According to another aspect of the present disclosure, there is provided a method performed by a connectivity service in a DCS. The method comprises receiving a property request from an operator HMI in the DCS. The property request includes a device ID identifying a device of a graphics window which the operator HMI is arranged to present for the device. The property request also includes an identifier of a first property of a plurality of properties of the device on which the graphics window is based. The method also comprises, among lists of properties held by the connectivity service, wherein each of the lists relates to a respective device controlled by the DCS, determining a property list of the device identified by the device ID in the received property request. The method also comprises, in the determined property list, in which property list each listed property is associated with an address for obtaining a present value of the property, finding the identifier of the first property. The method also comprises, by means of the address associated with the found identifier, obtaining the present value of the first property by communication with the controller, of the plurality of controllers, which controller is controlling the identified device. The communication is via a legacy communication protocol if the controller is a legacy controller and wherein the communication is via a modern communication protocol if the controller is a modern controller. The method also comprises, sending information about the obtained present value of the first property to the operator HMI.

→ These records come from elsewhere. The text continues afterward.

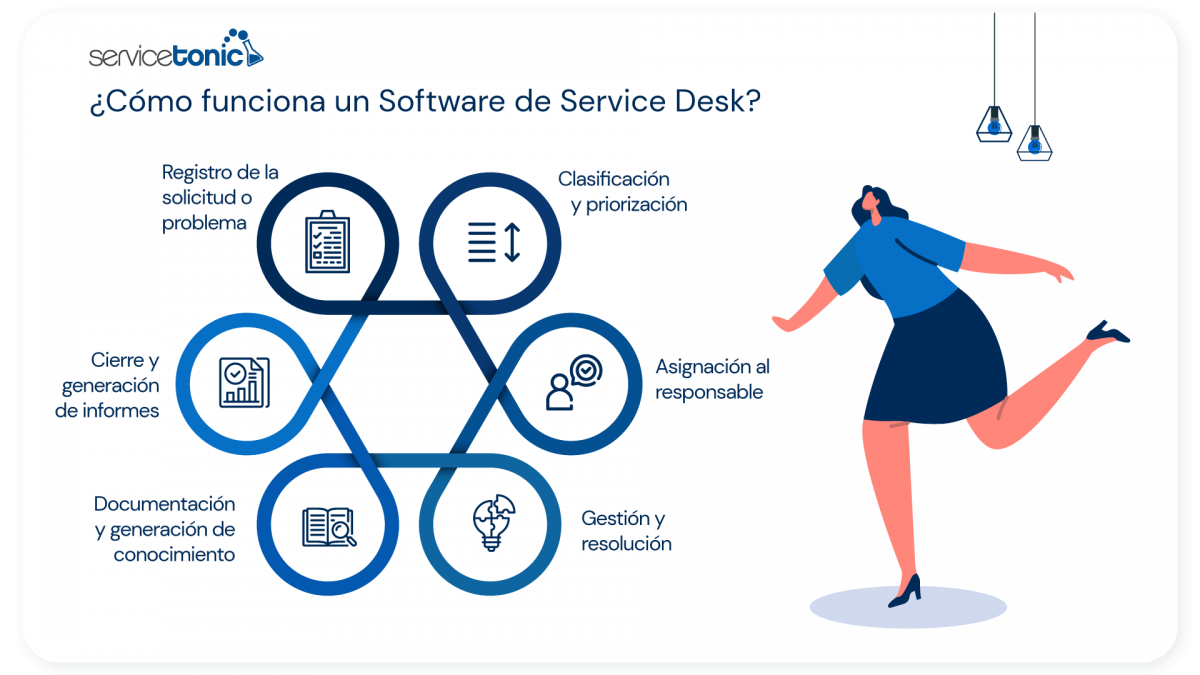 como funciona un service desk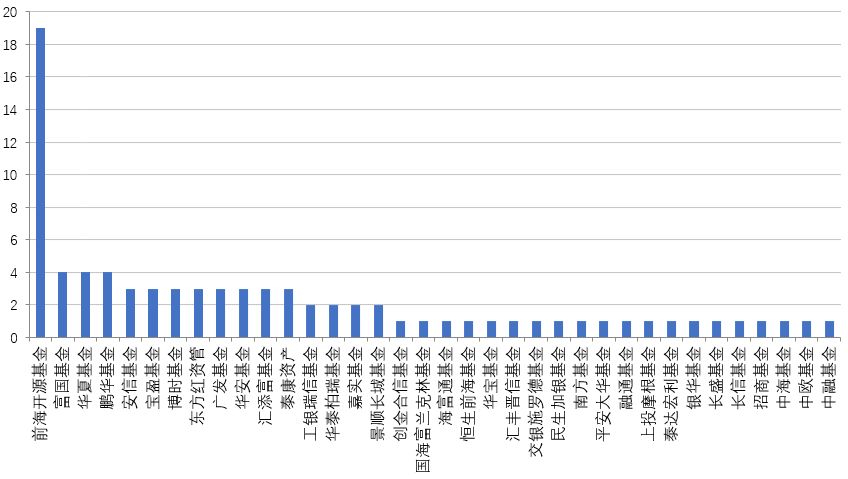 公募基金为投资港股最好渠道 哪些公司受投资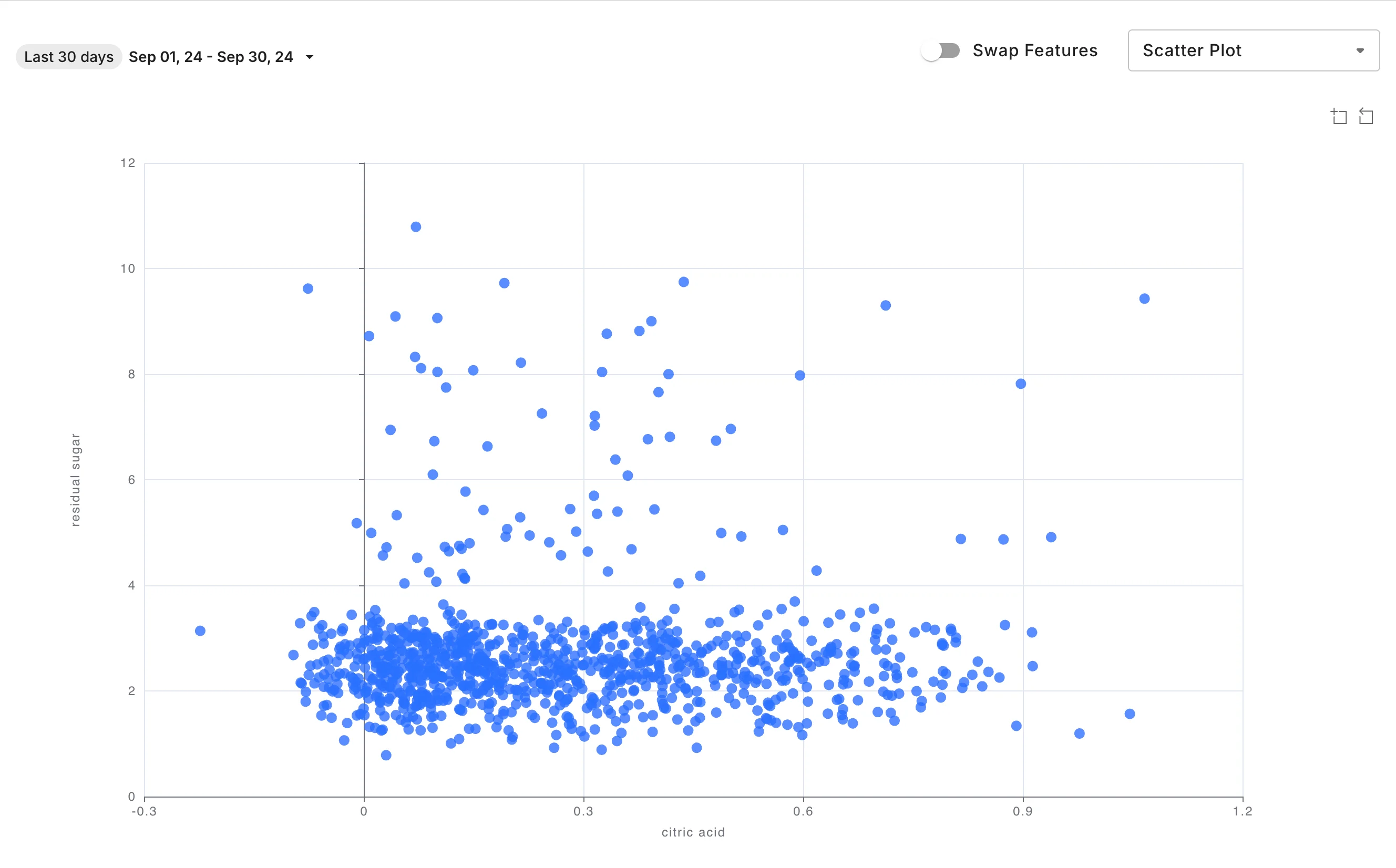 Scatter plot example of Feature Correlation chart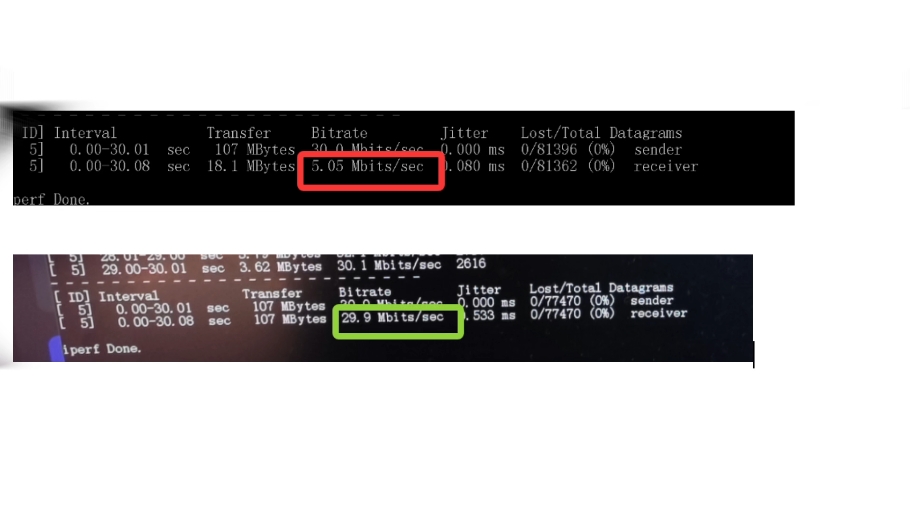 历时半个月 电信上行udp限速终于解决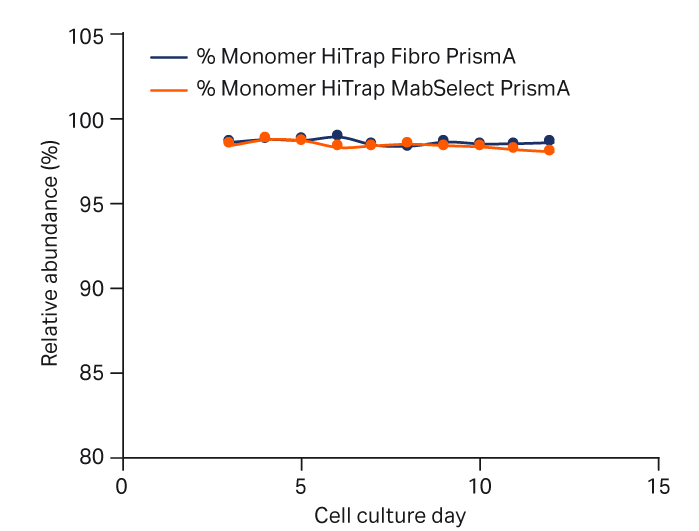 HiTrap Fibro PrismA, monomer mab fractions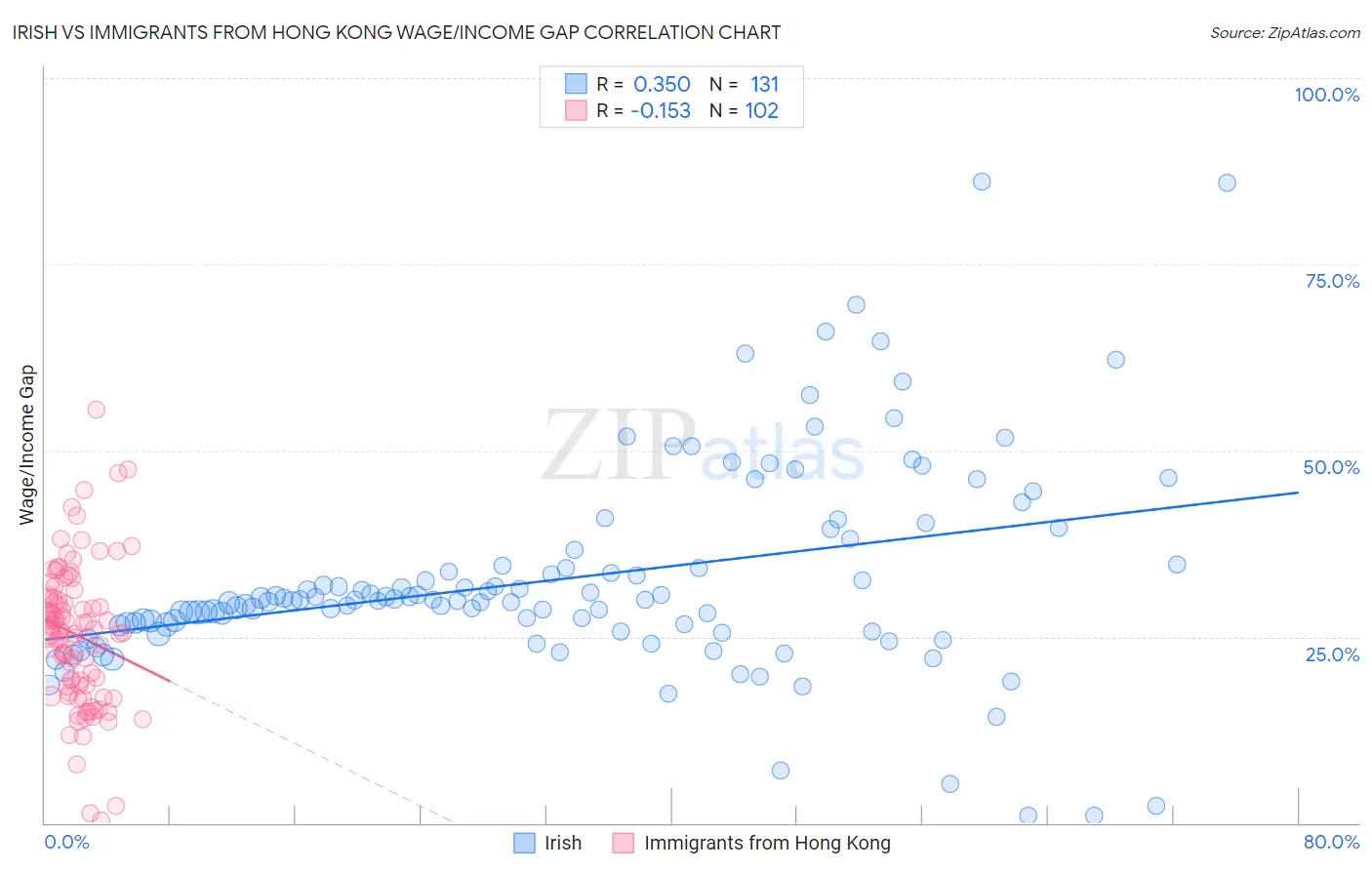 Irish vs Immigrants from Hong Kong Wage/Income Gap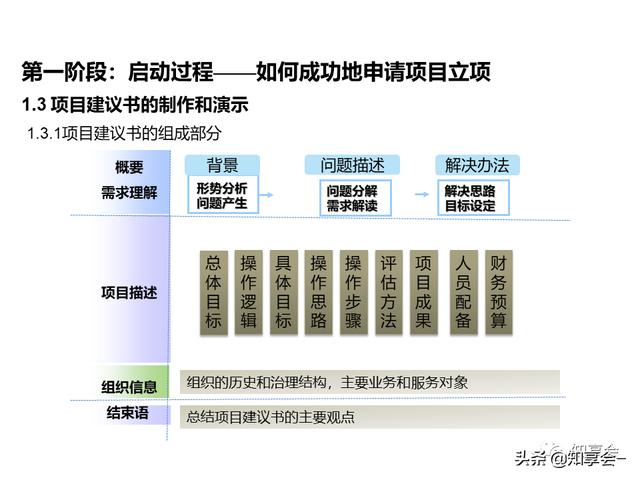 項目管理：培訓、流程、制度、表格、工具及模板（培訓計劃流程圖模板）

According to another aspect of the present disclosure, there is provided a connectivity service comprising processing circuitry, and storage storing instructions executable by said processing circuitry whereby said connectivity service is operative to perform an embodiment of the method performed by a connectivity service, the method being in accordance with the present disclosure.

According to another aspect of the present disclosure, there is provided a DCS comprising an embodiment of the connectivity service of the present disclosure, at least one operator HMI of the present disclosure and a plurality of controllers of the present disclosure.

According to another aspect of the present disclosure, there is provided a computer program product comprising computer-executable components for causing a connectivity service to perform an embodiment of the method performed by a connectivity service, the method being in accordance with the present disclosure, when the computer-executable components are run on processing circuitry comprised in the connectivity service.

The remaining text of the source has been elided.